TASK GOAL :: Your task is to copy the records that follow exactly, minus any images.

SUPPLIED ENTRIES ::
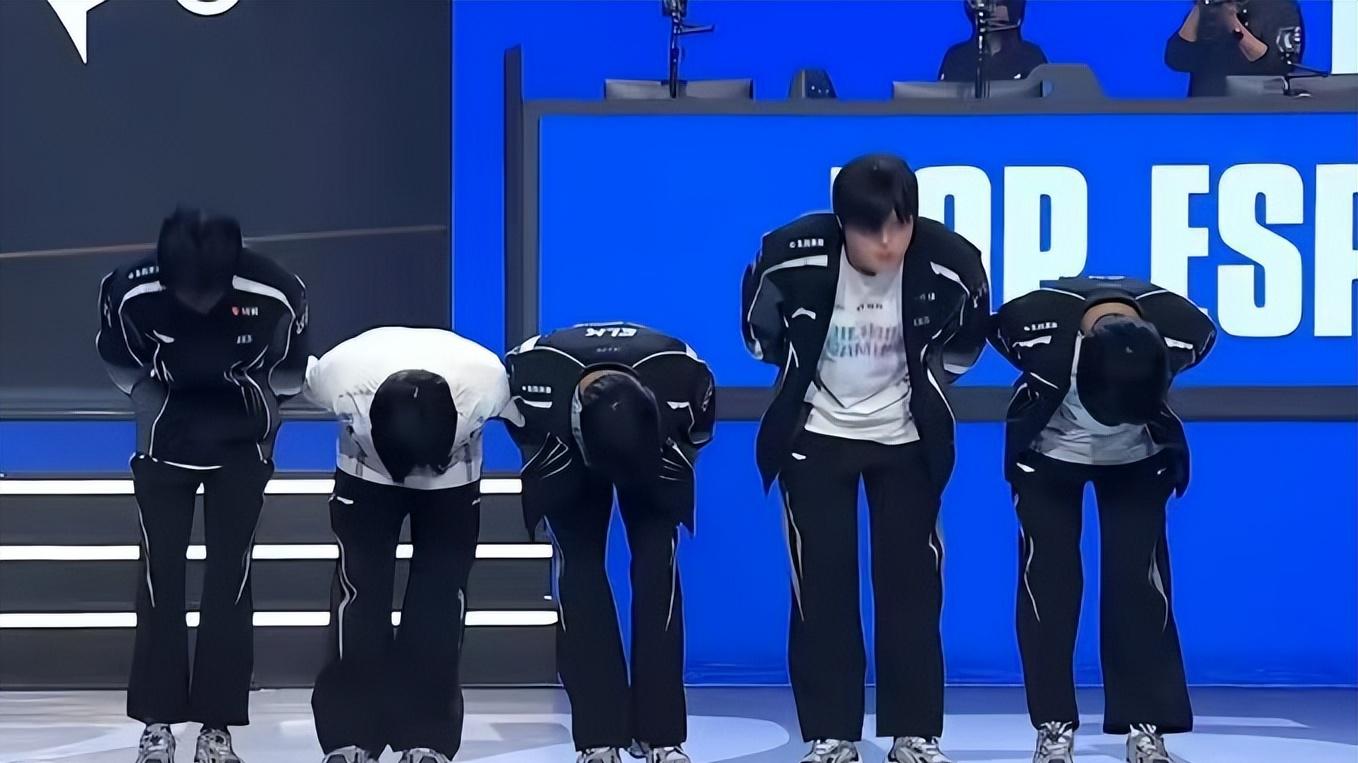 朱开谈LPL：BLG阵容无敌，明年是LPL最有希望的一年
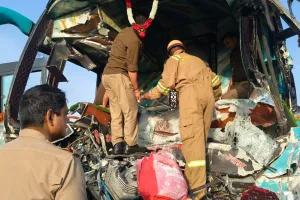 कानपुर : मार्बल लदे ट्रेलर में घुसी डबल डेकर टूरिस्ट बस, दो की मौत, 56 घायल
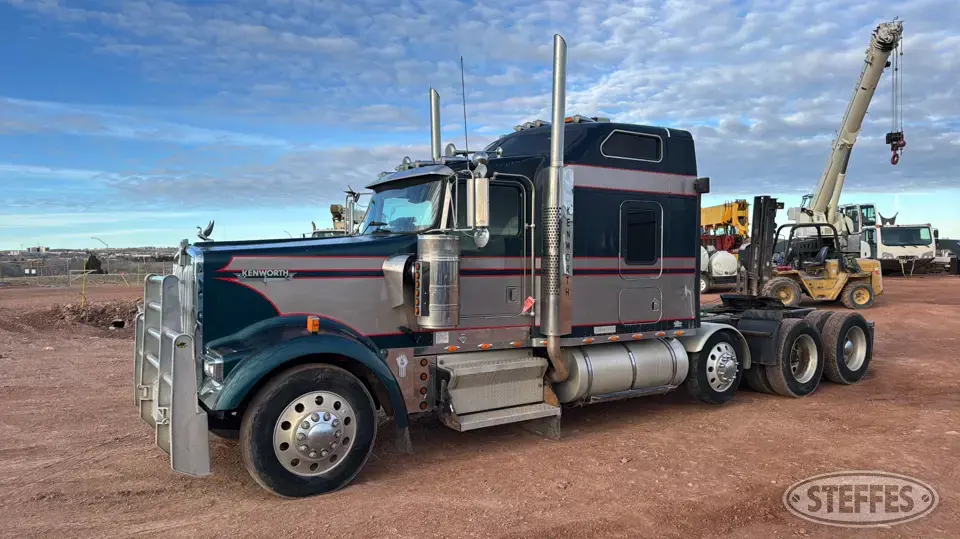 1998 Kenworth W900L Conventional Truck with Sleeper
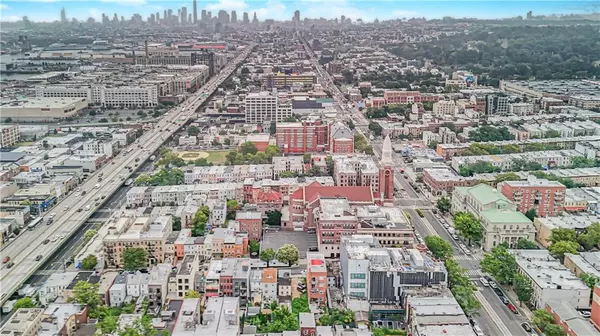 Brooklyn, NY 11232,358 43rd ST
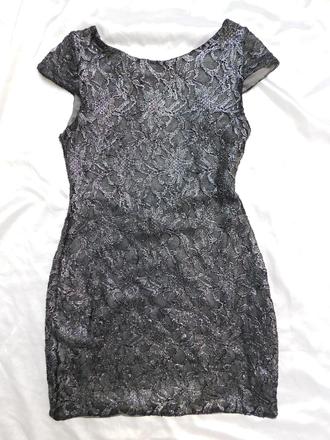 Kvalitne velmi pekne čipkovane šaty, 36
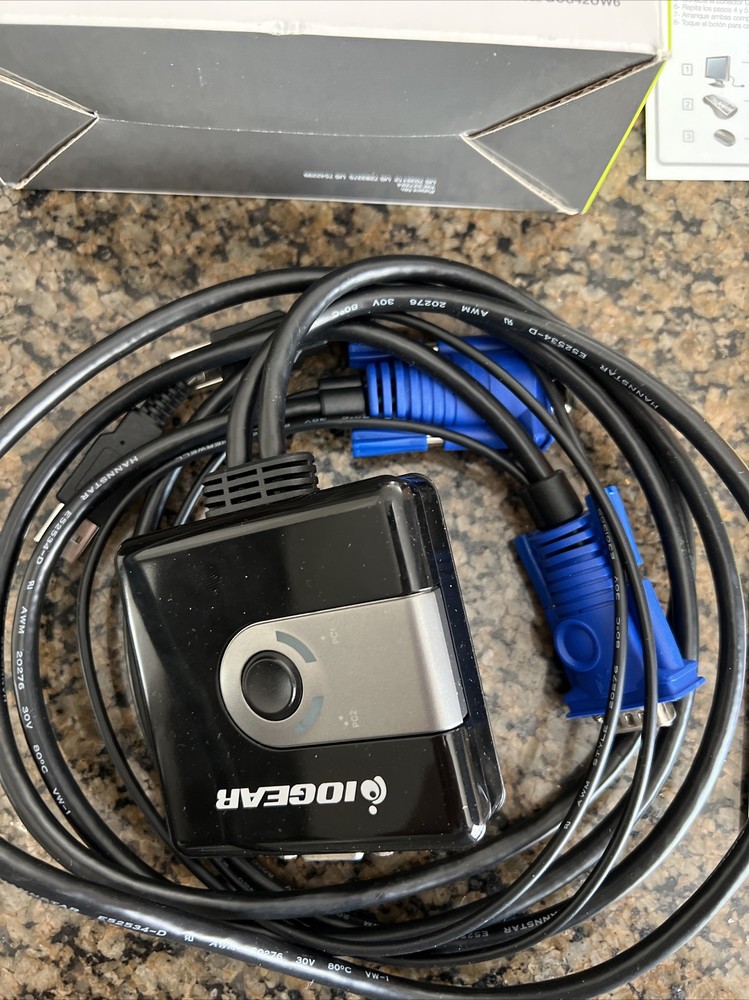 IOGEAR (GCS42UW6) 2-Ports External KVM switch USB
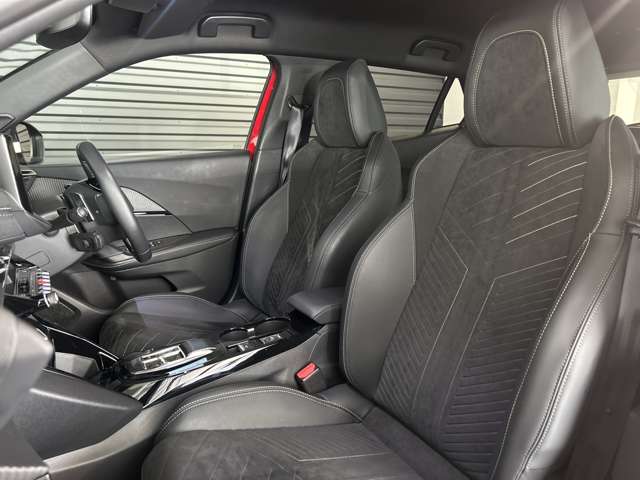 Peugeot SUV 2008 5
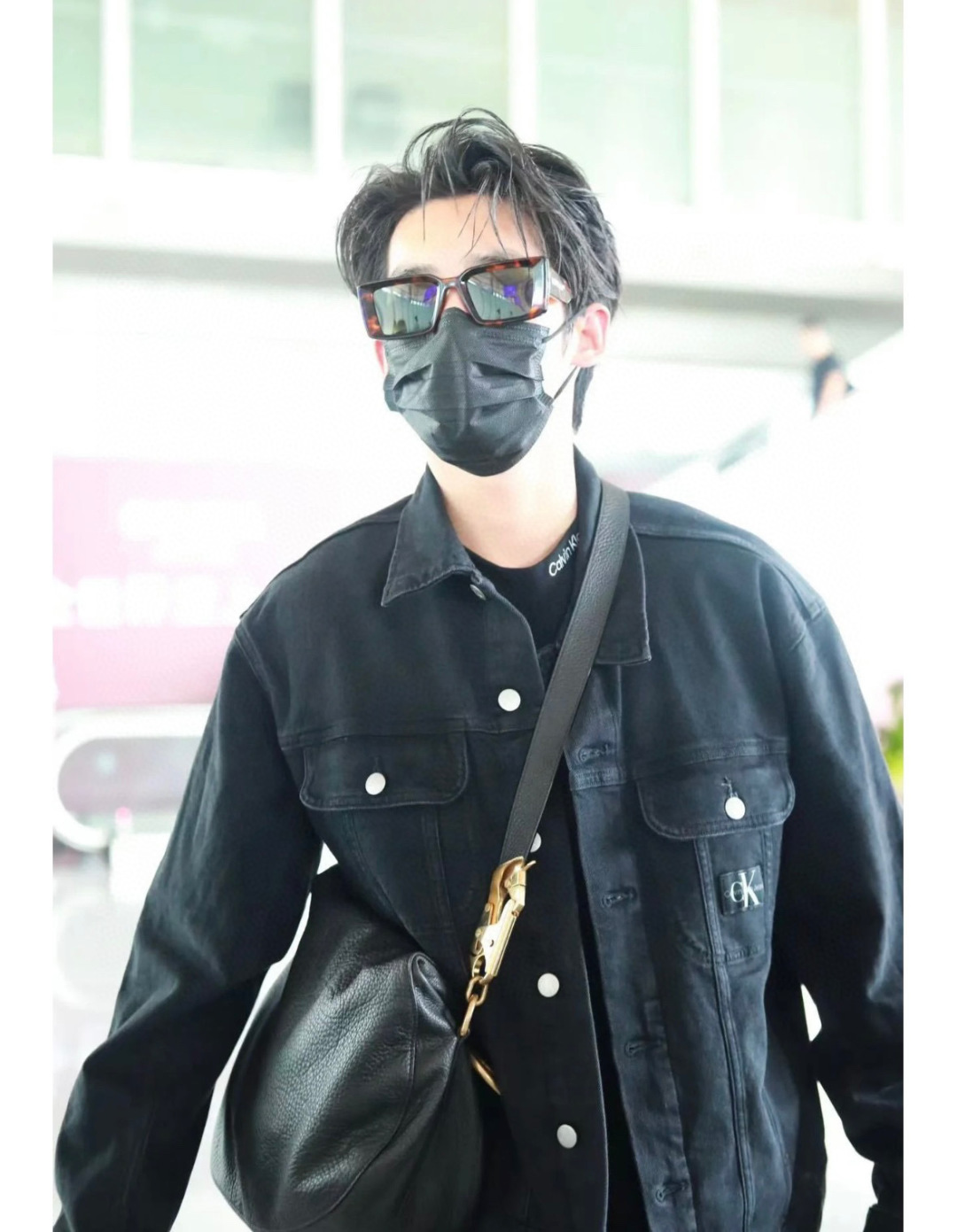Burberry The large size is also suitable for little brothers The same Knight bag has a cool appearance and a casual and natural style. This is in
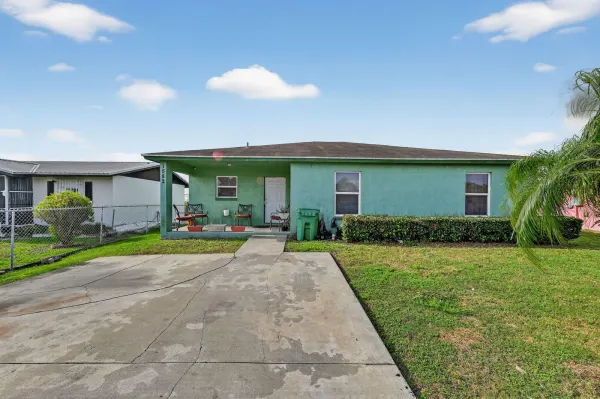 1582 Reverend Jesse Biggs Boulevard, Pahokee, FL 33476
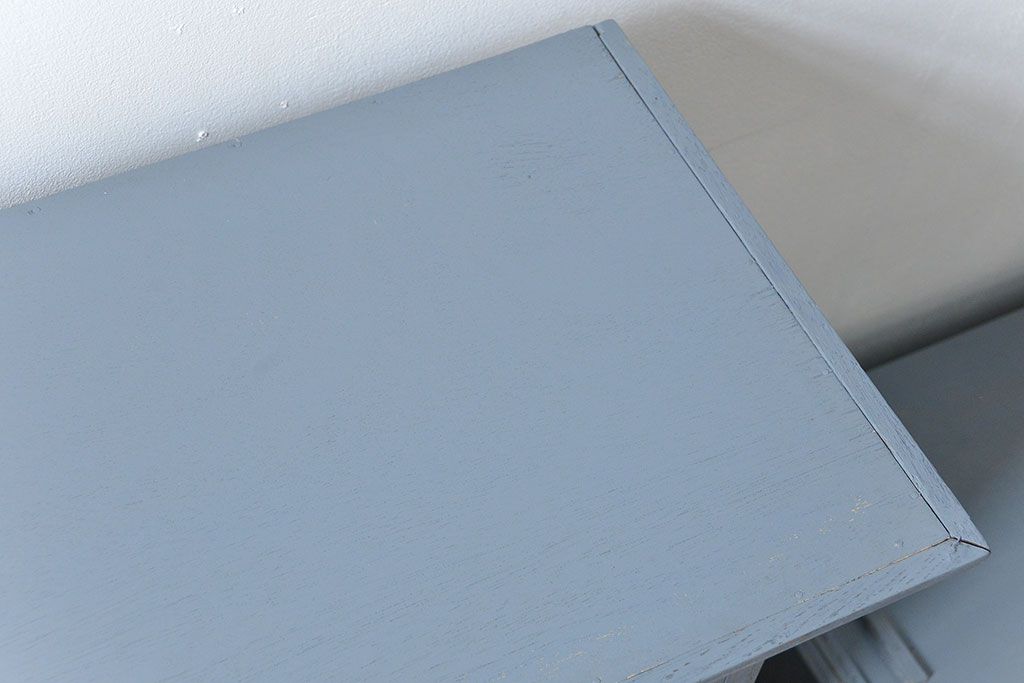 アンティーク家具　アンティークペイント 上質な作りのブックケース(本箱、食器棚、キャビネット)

WRITTEN ANSWER ::
 朱开谈LPL：BLG阵容无敌，明年是LPL最有希望的一年
 कानपुर : मार्बल लदे ट्रेलर में घुसी डबल डेकर टूरिस्ट बस, दो की मौत, 56 घायल
 1998 Kenworth W900L Conventional Truck with Sleeper
 Brooklyn, NY 11232,358 43rd ST
 Kvalitne velmi pekne čipkovane šaty, 36
 IOGEAR (GCS42UW6) 2-Ports External KVM switch USB
 Peugeot SUV 2008 5
Burberry The large size is also suitable for little brothers The same Knight bag has a cool appearance and a casual and natural style. This is in
 1582 Reverend Jesse Biggs Boulevard, Pahokee, FL 33476
 アンティーク家具　アンティークペイント 上質な作りのブックケース(本箱、食器棚、キャビネット)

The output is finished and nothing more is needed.